#### Work instruction:
All the lines below need retyping exactly, apart from the images.

#### Data section:

^^^^^^^^

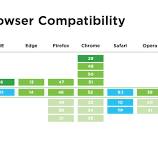 http2 - How to check if a website has HTTP/2 protocol ...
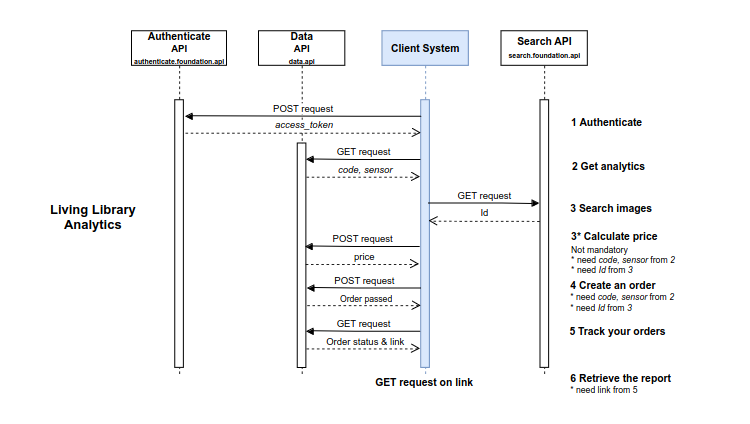 analytics workflow schema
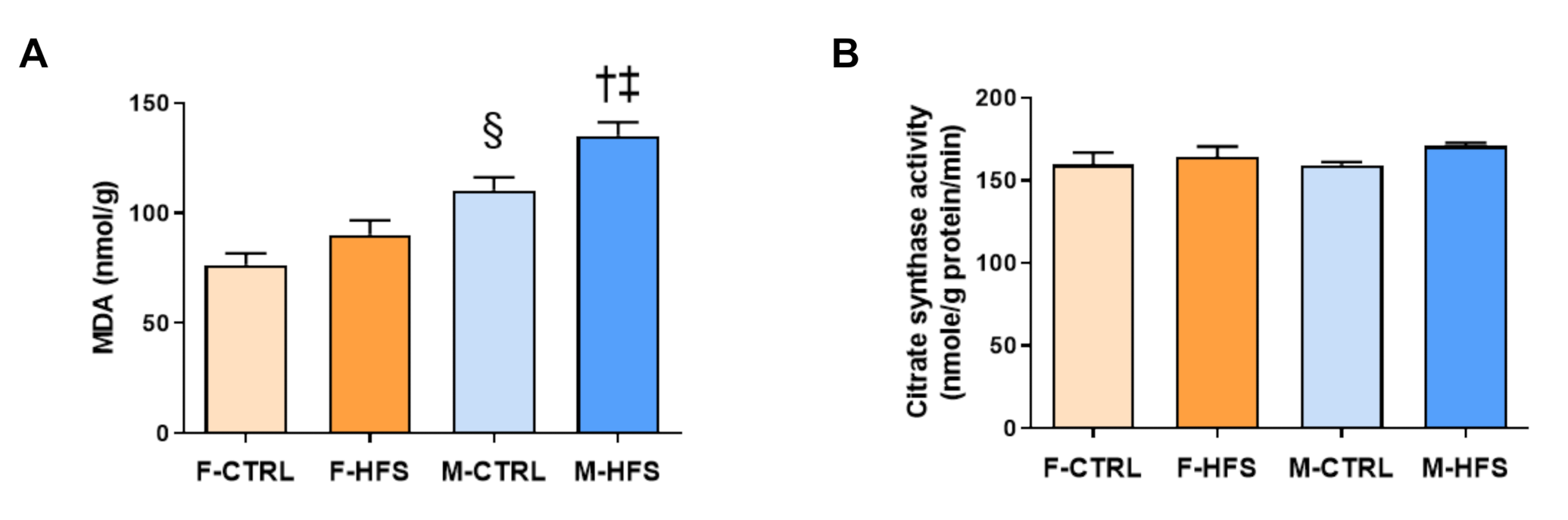 Nutrients 13 02914 g005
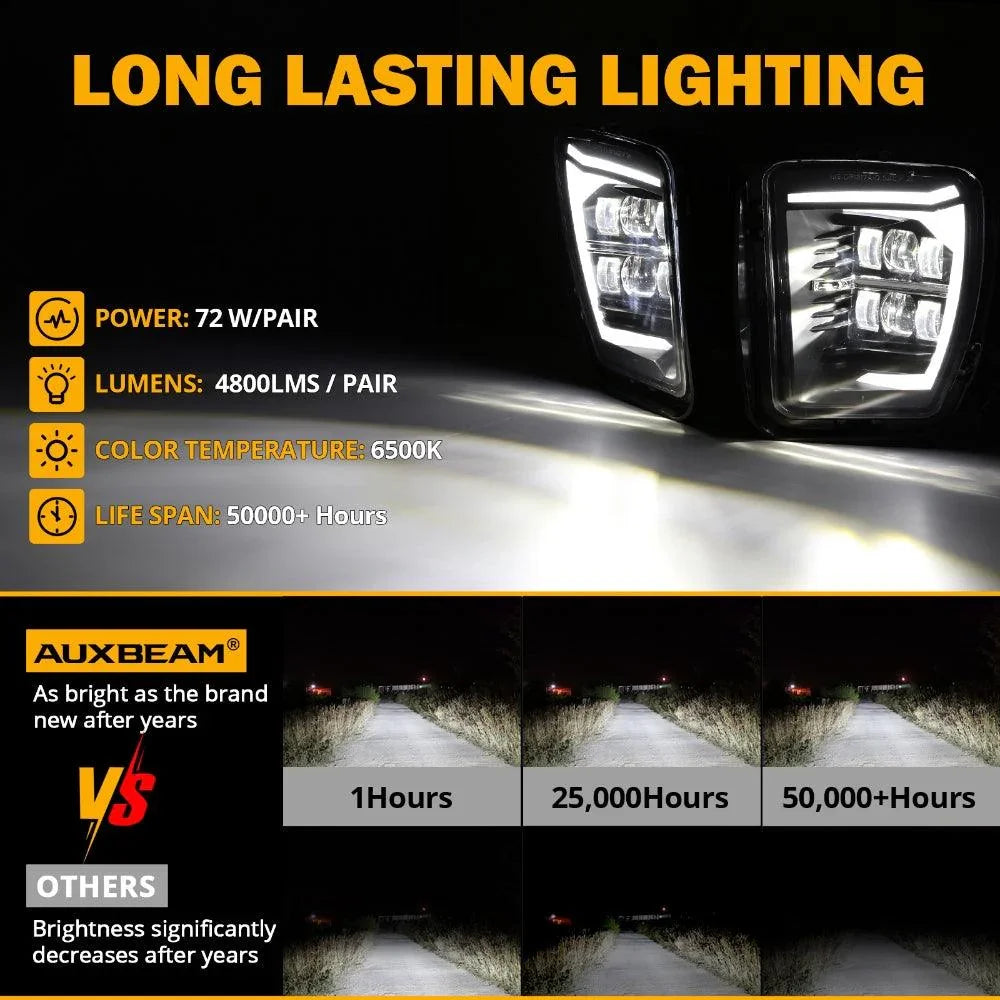 Auxbeam DOT Approved LED Fog Lights with DRL for 2013-2018 Dodge Ram 1500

^^^^^^^^

#### Reply:
 http2 - How to check if a website has HTTP/2 protocol ...
 analytics workflow schema
 Nutrients 13 02914 g005
 Auxbeam DOT Approved LED Fog Lights with DRL for 2013-2018 Dodge Ram 1500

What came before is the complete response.